■ **Task statement**
Return every line from the listing where the word "done" occurs.

■ **Record extracts**

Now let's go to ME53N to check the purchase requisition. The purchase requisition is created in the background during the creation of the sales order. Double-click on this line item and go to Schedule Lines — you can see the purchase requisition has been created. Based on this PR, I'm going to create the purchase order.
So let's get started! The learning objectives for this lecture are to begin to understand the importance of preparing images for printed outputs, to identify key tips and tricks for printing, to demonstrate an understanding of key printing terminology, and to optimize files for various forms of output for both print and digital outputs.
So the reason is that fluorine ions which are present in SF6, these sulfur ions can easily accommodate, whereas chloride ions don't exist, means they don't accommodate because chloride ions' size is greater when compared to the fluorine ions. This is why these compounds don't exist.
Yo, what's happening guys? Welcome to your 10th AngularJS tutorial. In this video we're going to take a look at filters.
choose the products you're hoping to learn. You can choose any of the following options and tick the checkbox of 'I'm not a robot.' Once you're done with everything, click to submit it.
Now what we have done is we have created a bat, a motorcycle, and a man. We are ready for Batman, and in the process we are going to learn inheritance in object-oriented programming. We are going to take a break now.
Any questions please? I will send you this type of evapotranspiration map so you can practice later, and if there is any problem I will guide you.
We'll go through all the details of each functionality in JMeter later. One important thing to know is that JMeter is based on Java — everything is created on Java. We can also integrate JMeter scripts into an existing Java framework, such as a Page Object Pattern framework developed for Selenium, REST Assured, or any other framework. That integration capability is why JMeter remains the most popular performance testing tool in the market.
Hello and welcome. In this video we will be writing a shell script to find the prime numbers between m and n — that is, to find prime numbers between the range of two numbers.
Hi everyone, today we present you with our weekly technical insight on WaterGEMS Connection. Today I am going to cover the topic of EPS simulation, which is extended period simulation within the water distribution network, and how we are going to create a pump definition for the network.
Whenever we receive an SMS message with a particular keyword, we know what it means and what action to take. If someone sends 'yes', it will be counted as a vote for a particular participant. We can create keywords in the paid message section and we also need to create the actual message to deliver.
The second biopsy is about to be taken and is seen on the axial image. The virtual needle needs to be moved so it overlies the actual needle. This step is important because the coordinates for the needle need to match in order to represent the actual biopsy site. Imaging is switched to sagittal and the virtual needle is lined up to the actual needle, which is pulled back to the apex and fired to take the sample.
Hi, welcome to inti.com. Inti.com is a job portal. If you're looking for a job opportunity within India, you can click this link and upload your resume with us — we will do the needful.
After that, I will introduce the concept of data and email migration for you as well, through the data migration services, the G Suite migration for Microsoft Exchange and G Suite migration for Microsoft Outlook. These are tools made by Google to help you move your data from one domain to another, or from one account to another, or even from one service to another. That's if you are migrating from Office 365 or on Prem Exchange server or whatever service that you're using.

■ **Exercise solution**
choose the products you're hoping to learn. You can choose any of the following options and tick the checkbox of 'I'm not a robot.' Once you're done with everything, click to submit it.
Now what we have done is we have created a bat, a motorcycle, and a man. We are ready for Batman, and in the process we are going to learn inheritance in object-oriented programming. We are going to take a break now.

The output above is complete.